Abundance and Gas-Particle Partitioning of Inorganic Bromine in the Remote Atmosphere

DONGWOOK KIM, Pedro Campuzano-Jost, Benjamin A. Nault, Jason Schroder, Douglas A. Day, Michael Cubison, Jack Dibb, Patrick Veres, J. Andrew Neuman, Jin Liao, Greg Huey, Yuk Chun Chan, Lyatt Jaegle, Alan Fried, Thomas Ryerson, Andrew Weinheimer, Glenn Diskin, Eric Apel, Rebecca Hornbrook, Alan Hills, Donald Blake, Rainer M. Volkamer, Jose Jimenez, CIRES & University of Colorado Boulder

     Abstract Number: 510
     Working Group: Aerosol Chemistry

Abstract
Halogens play important roles in the ozone chemistry in both the stratosphere and troposphere. Bromine can also affect the deposition rate of mercury from the atmosphere. In the particulate phase, halogens can react directly with ozone and could serve as reservoirs for gas-phase reactive halogen species. However, quantitative measurements of particulate halogens on a global scale over remote areas are rare, especially in the upper troposphere and the lower stratosphere. Here we report particulate bromine measurements with the customized University of Colorado Aerodyne high-resolution aerosol mass spectrometer (CU-HR-AMS) together with gas-phase inorganic bromine from multiple aircraft campaigns, including the NASA ATom and ARCTAS missions.

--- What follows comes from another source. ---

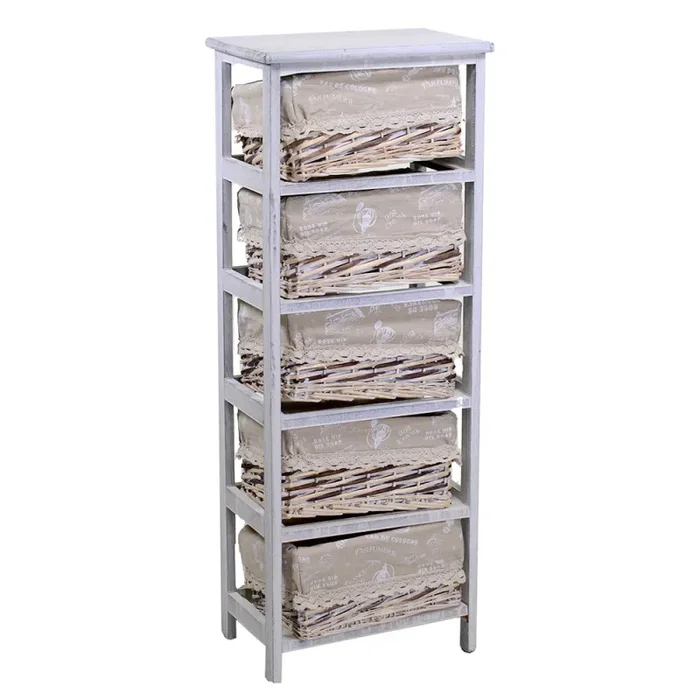 Cassettiera 5 Cassetti in Legno 40x28x104cm Federica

We also discuss 1) the AMS response to particulate halogens and details of the quantification method, 2) the total inorganic bromine gas budget estimated by a box model, 3) potential sources of bromine in the free troposphere and polar regions and their implications for ozone chemistry, and 4) the evaluation of bromine from the current GEOS-Chem model. Preliminary results suggest that 1) most particle-phase bromine in the remote atmosphere is likely in bromide form. 2) Particle phase fraction can reach up to ~50 % in the upper free troposphere. 3) Biomass burning and anthropogenic emissions could be important sources of atmospheric bromine. 4) GEOS-Chem needs a better representation of particulate bromine. These results will provide valuable constraints on the bromine budget and chemistry in chemical transport models.